Market Order vs. Limit Order: What's the Difference?

Updated July 9, 2026 7 min read

Placing a trade sounds simple until the order screen asks what type of order to use, and the two most common choices push in slightly different directions.

The short answer

A market order tells a broker to buy or sell immediately at whatever price is currently available, prioritizing speed of execution over price certainty. A limit order sets a specific price (or better) that the trade must meet before it executes, prioritizing price control over speed — it may fill instantly, slowly, or not at all. Neither is universally “better”; they trade off different kinds of certainty.

How a market order behaves

A market order is essentially an instruction to fill the trade right now, at the best price currently on offer. For widely traded holdings, that price usually lands very close to what was last quoted, and the order fills within moments. The tradeoff shows up around the bid-ask spread — the small gap between what buyers are offering and what sellers are asking — and it can widen during periods of low trading activity or high volatility, meaning the executed price may differ more than expected from the last quote seen on screen. Market orders remove the guesswork about whether a trade happens, but not about the exact price it happens at.

How a limit order behaves

A limit order flips that tradeoff. A buy limit order specifies the highest price a buyer is willing to pay; a sell limit order specifies the lowest price a seller is willing to accept. The order only executes if the market reaches that price or better. This gives control over cost but introduces a different uncertainty: if the price never reaches the limit, the order can sit unfilled indefinitely, or expire depending on how long it was set to remain active. In a fast-moving market, a limit order can also mean missing a trade entirely while waiting for a specific number.

Where the difference actually matters

For routine, long-term investing in something like a broad fund, the difference between a market and limit order is often minor, since prices for widely held investments don’t usually swing much between the moment an order is placed and the moment it fills. The gap matters more for less frequently traded holdings, where the bid-ask spread tends to be wider, or during unusually volatile trading sessions when prices can move meaningfully within seconds. In those situations, a limit order offers a way to define an acceptable price range rather than accepting whatever the market happens to be doing in that instant.

A general, non-prescriptive example

Imagine two people wanting to buy the same holding when it’s quoted around a certain price. One places a market order and it fills within moments, at a price that may be a few cents above or below the quote. The other places a limit order capping the purchase price slightly below the current quote; if the price never dips that low, the order simply never fills, and the shares aren’t purchased that day. Neither outcome is inherently right — one accepted price uncertainty for speed, the other accepted the possibility of no trade for price control. This is the basic tradeoff built into every order type, independent of what’s being bought or sold, and it applies whether the trade happens through a full-service firm or a low-cost platform, as covered in the comparison of a full-service broker and a discount broker.

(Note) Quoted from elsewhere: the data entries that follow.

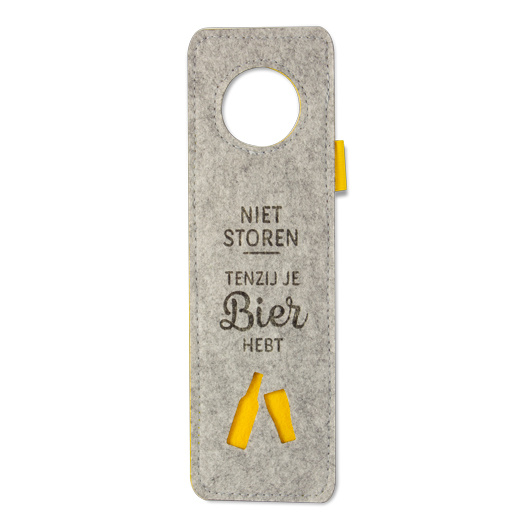 Vilten Deurhanger Bier afbeelding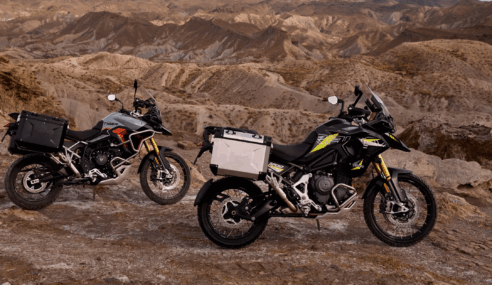 Triumph apresenta as novas Tiger Alpine e Desert Edition 2026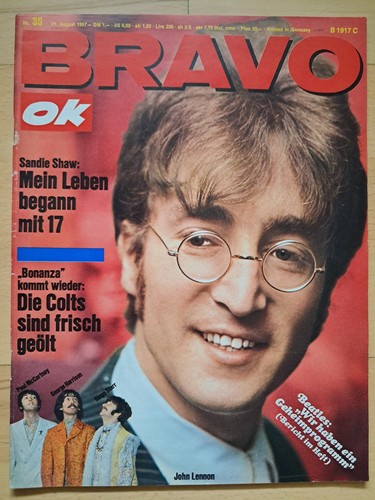 Bravo vom 8 1967 - nr.35,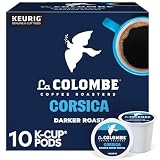 La Colombe® Coffee Roasters Corsica Dark Roast Coffee, Single Serve Keurig® K-Cup® Pods, 10 Count Box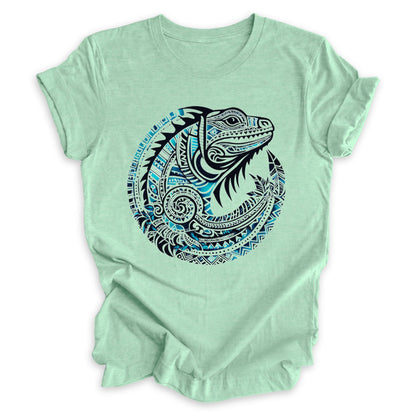 Tribal Iguana Tee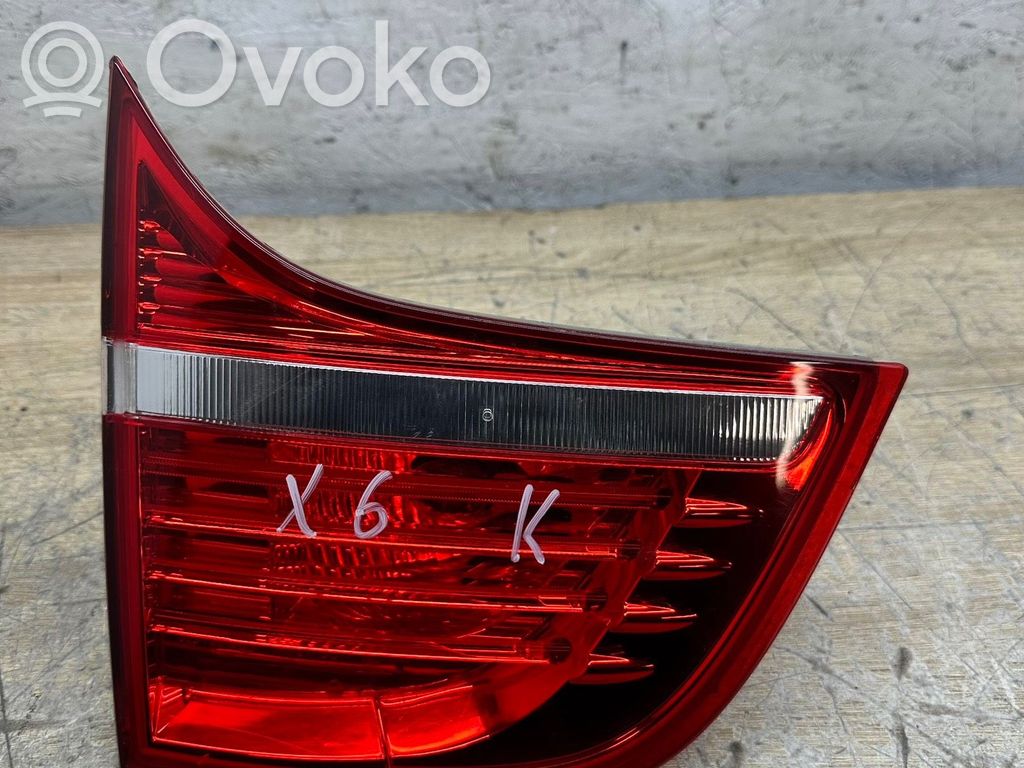 BMW X6 E71 Tailgate rear/tail lights 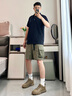 唐獅（TonLion）男鞋子男秋季潮流休閑皮鞋男款低幫厚底運動工裝馬丁鞋靴七夕禮物 曬單實拍圖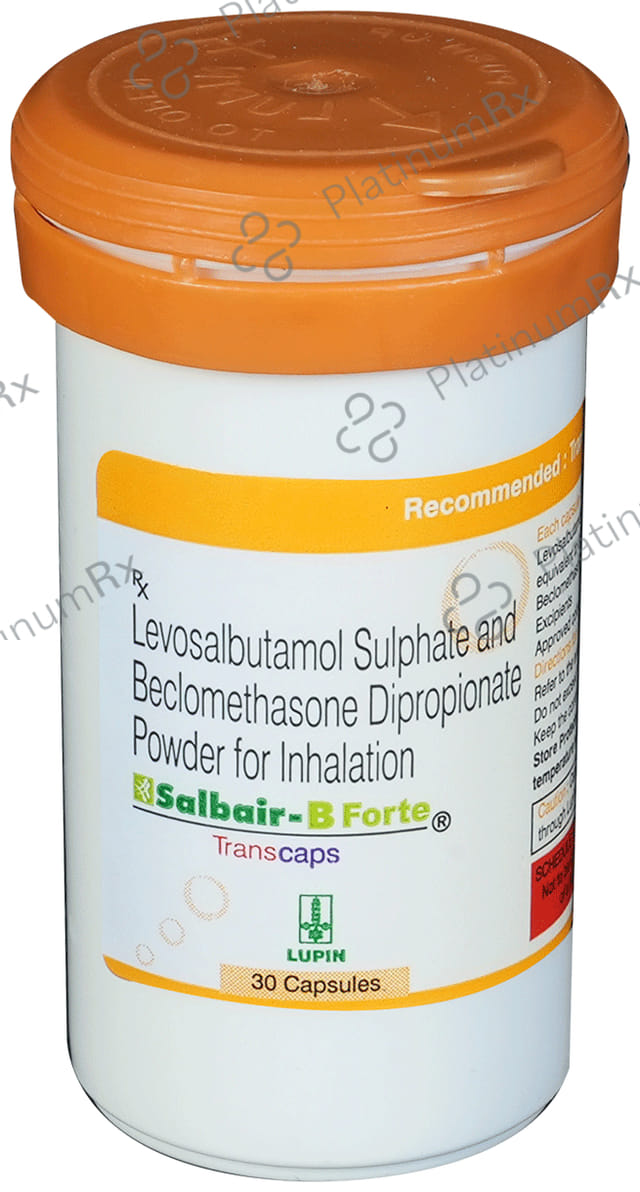 Salbair B Forte 200/200mcg Transcaps 30s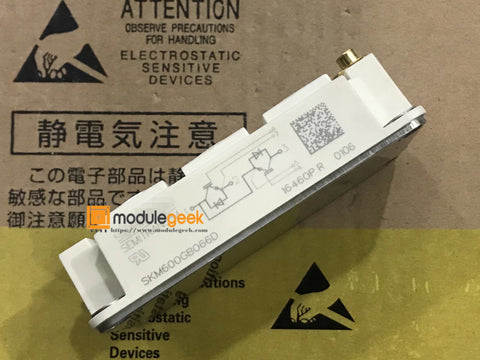 1PCS SKM600GB066D POWER SUPPLY MODULE NEW 100% Best price and quality assurance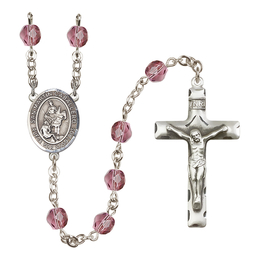 San Martin Caballero<br>R6013-8200SP 6mm Rosary<br>Available in 12 colors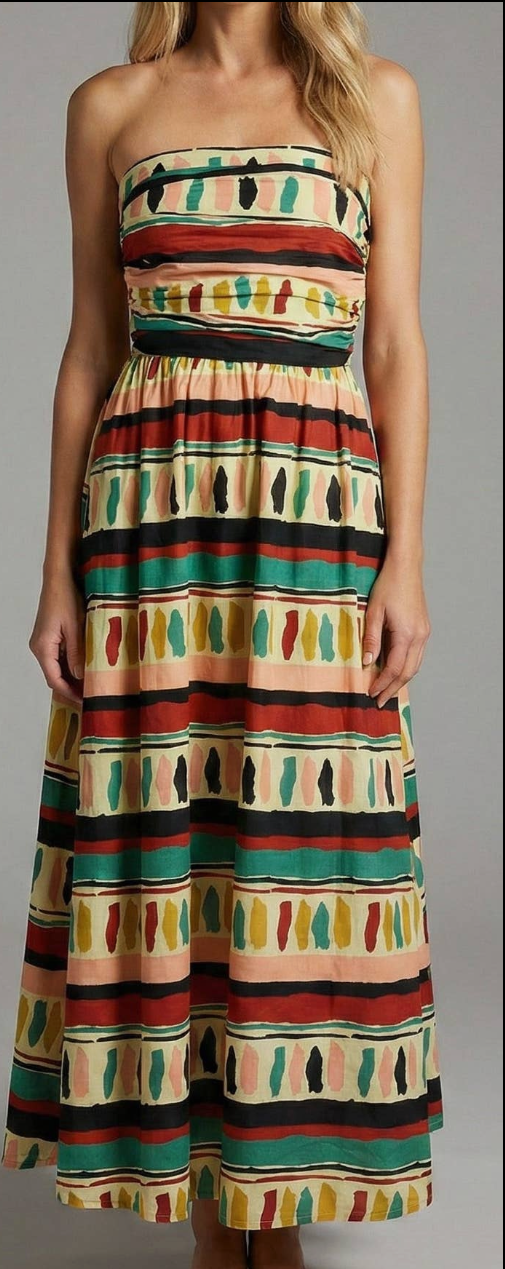 Ethnic Clash Dress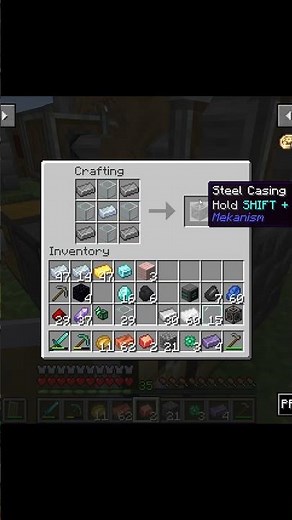 HOW TO BUILD A PRECISION SAWMILL IN MINECRAFT #minecraft #mekanism #tutorial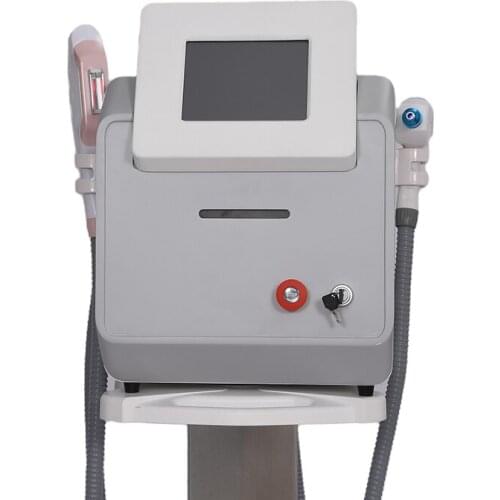 3 in 1 IPL Hair Removal Tattoo Removal Skin Rejuvenation Face Lifting SHR OPT Carbon Peeling Epilator Skin Whitening Machine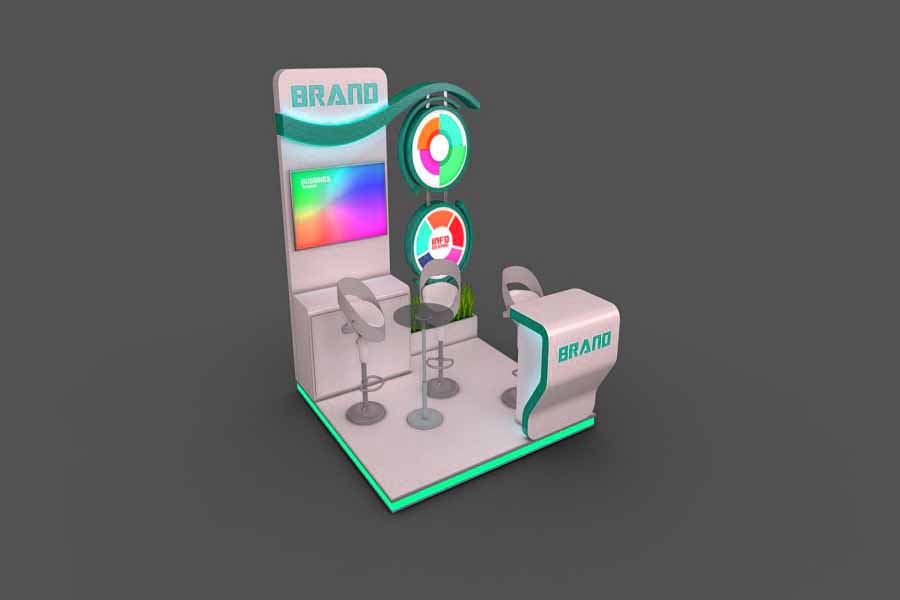 Modular Octanorm and Maxima Exhibition Stalls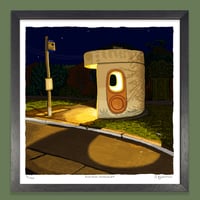 Image 7 of Novar Street, Yarralumla, bus shelter 2450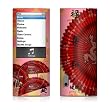 Dragon Fan Design Decal Sticker for Apple iPod Nano 5G (5th Generation)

What to weigh before choosing

The relevant questions are usually about urgency and sensitivity to price. Is getting the trade done today more important than the exact price paid? A market order fits that priority. Is hitting a specific price more important than the trade happening on a particular day? A limit order fits that one better. It also helps to understand a brokerage account’s specific order options and default settings, since platforms differ in how they handle partial fills, expiration timing, and order types beyond these two basics, as outlined in general brokerage account mechanics.

The takeaway

Market and limit orders solve for different problems — speed versus price — and understanding which one is being prioritized in a given trade is more useful than assuming one type is the default “correct” choice.